ITEM 1. SECURITY AND ISSUER
This Amendment No. 9 to Schedule 13D ("Amendment No. 9") relates to
the Common Stock, par value $0.01 per share (the "Common Stock"), of Robertson-
Ceco Corporation, a Delaware corporation (the "Company"). The address of the
principal executive offices of the Company is 5000 Executive Parkway, Suite 425,
San Ramon, California 94583.
ITEM 2. IDENTITY AND BACKGROUND
This Amendment No. 9 is filed on behalf of (i) RBC Holdings, L.P.
("RBC"), (ii) RC Holdings, Inc. ("RC Holdings"), (iii) Michael E. Heisley, Sr.
("Heisley"), (iv) The Heico Companies, L.L.C., formerly called Heisley
Investments Limited Partnership (the "Heico Companies") and (v) Heico Holding,
Inc. ("Heico"). Heisley is the Chief Executive Officer and Vice Chairman of the
Company.
ITEM 3. SOURCE AND AMOUNT OF FUNDS OR OTHER CONSIDERATION
On January 7, 1998, Heico Companies entered into a Stock Purchase
Agreement, attached hereto as Exhibit 21 (the "Stock Purchase Agreement"), with
Hemisphere Investment L.P. ("Hemisphere") whereby Heico Companies will purchase
from Hemisphere a total of 541,611 shares of Common Stock for $5,416,110 (or
$10.00 per share) (the "Stock Purchase"). Heico Companies shall purchase these
shares of Common Stock in the amounts and on the dates set forth below:
Shares to Purchase
Purchase Date be Purchased Price
January 7, 1998 491,611 $ 4,916,110
June 2, 1998 50,000 500,000
TOTAL 541,611 $5,416,110
In connection with the Stock Purchase, Hemisphere appointed officers of
Heico Companies as its attorney-in-fact and proxy for Hemisphere until June 2,
1998 or as long as the Stock Purchase Agreement remains in effect, whichever is
longer; provided, however, if Heico Companies fails to purchase from Hemisphere
the shares of Common Stock on the purchase dates set forth above, the proxy
shall immediately be revoked with respect to such shares not purchased.

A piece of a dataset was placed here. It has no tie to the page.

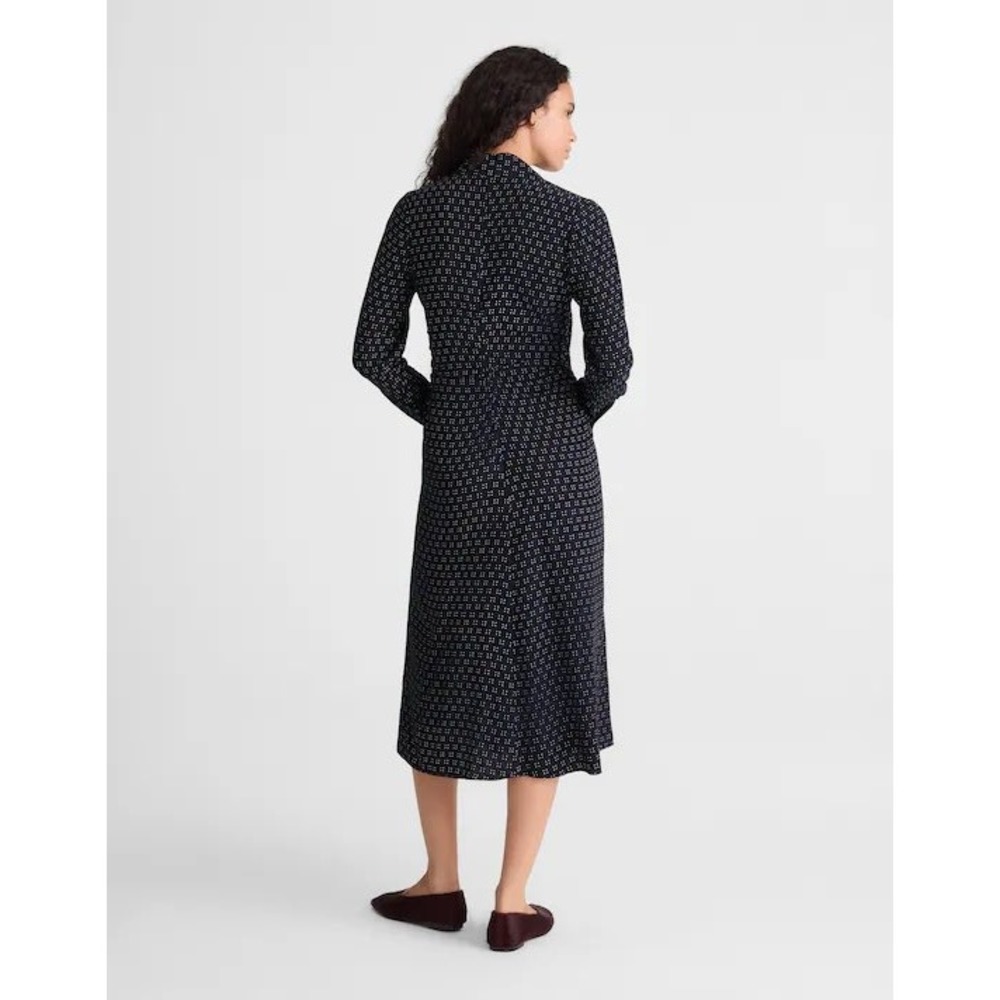 Madewell Ruched Midi Shirtdress navy NWT size 4 - Picture 2 of 12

The Heico Companies has financed the January 7, 1998 stock purchase, and
anticipates that it will finance the June 2, 1998 stock purchase, with its line
of credit with Bank of America Illinois.
ITEM 4. PURPOSE OF TRANSACTION
Except as provided herein, RBC, Heisley, Heico and Heico Companies
have no current plans with respect to the disposition of the shares of Common
Stock or the acquisition of additional shares of Common Stock. However, subject
to their obligations under various loan agreements disclosed herein or in the
Original 13D, Amendment No. 1, Amendment No. 2, Amendment No. 3, Amendment No.

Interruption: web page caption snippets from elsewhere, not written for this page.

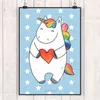 Mr. & Mrs. Panda Poster Einhorn Herz DIN A2 - Blau Pastell Produktbild-Vorschau 2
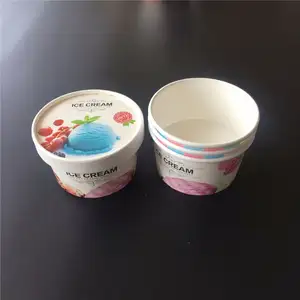 FTS中国工厂热卖牛皮纸冰淇淋碗150毫升浴缸带盖10盎司杯
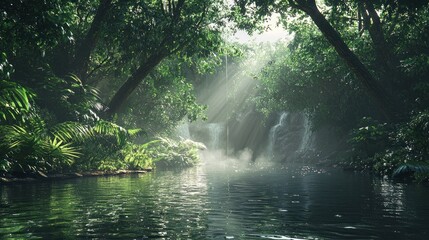 Sunbeams illuminate a lush jungle waterfall cascading into a tranquil stream.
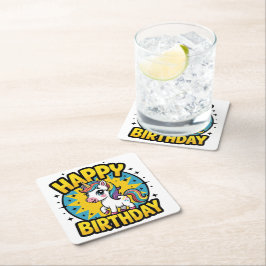 Grattis på födelsedagen Unicorn Underlägg Papper Kvadrat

4, Amendment No. 5, Amendment No. 6, Amendment No. 7 or Amendment No. 8, they
may dispose of all or a portion of the shares of Common Stock held by any of
them, if they determine at any time that such disposition may be made at prices
and on terms and conditions they believe to be favorable, and they may acquire
additional shares of Common Stock if they determine at any time that such shares
are available at prices and on terms and conditions they believe to be
favorable.
ITEM 5. INTEREST IN SECURITIES OF THE ISSUER
(a) - (b) RBC (and Heisley and Heico Companies, indirectly through
RBC) owns 3,333,333 shares of Common Stock. Such shares represent 20.7% of the
issued and outstanding shares of Common Stock (based on 16,111,550 shares
outstanding). Heisley, as a general partner, and as director and President of
the other general partner of the Heico Companies (the managing general partner
of RBC), has sole voting and dispositive power with respect to all of such
shares of Common Stock.
Heisley also directly owns 1,127 shares of Common Stock, over which he
has sole voting and dispositive power.
Heico Companies (and Heisley, indirectly through Heico Companies)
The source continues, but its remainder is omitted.